#### Material to process ####
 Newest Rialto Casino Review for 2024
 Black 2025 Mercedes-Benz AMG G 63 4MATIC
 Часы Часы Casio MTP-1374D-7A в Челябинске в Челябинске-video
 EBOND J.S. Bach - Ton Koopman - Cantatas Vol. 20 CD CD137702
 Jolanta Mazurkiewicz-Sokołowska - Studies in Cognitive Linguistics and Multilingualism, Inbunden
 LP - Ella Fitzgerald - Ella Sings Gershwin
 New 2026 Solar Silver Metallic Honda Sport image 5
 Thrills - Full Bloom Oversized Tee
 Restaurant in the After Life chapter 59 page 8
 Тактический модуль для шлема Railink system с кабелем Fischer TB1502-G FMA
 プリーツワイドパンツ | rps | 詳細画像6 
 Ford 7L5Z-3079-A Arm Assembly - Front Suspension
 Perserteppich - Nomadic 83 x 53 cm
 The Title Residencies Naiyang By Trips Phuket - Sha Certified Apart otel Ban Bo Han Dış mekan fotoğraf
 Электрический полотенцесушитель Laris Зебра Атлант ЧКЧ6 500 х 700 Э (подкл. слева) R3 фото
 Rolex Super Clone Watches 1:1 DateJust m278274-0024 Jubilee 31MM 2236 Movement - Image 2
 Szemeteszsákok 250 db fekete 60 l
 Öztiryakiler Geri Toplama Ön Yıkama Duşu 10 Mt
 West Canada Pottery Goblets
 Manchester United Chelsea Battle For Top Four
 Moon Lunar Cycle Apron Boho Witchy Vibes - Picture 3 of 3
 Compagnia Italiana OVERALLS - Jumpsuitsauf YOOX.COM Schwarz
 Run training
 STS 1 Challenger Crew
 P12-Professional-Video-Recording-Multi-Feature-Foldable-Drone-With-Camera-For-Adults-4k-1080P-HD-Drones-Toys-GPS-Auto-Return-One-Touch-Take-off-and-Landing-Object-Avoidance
####
### What is needed
Give back, exactly as written, the stretch from the line with "Jolanta Mazurkiewicz-Sokołowska - Studies" through the line with "Perserteppich - Nomadic 83 x 53 cm", and no other lines from the records above.

### Solution for this exercise
 Jolanta Mazurkiewicz-Sokołowska - Studies in Cognitive Linguistics and Multilingualism, Inbunden
 LP - Ella Fitzgerald - Ella Sings Gershwin
 New 2026 Solar Silver Metallic Honda Sport image 5
 Thrills - Full Bloom Oversized Tee
 Restaurant in the After Life chapter 59 page 8
 Тактический модуль для шлема Railink system с кабелем Fischer TB1502-G FMA
 プリーツワイドパンツ | rps | 詳細画像6 
 Ford 7L5Z-3079-A Arm Assembly - Front Suspension
 Perserteppich - Nomadic 83 x 53 cm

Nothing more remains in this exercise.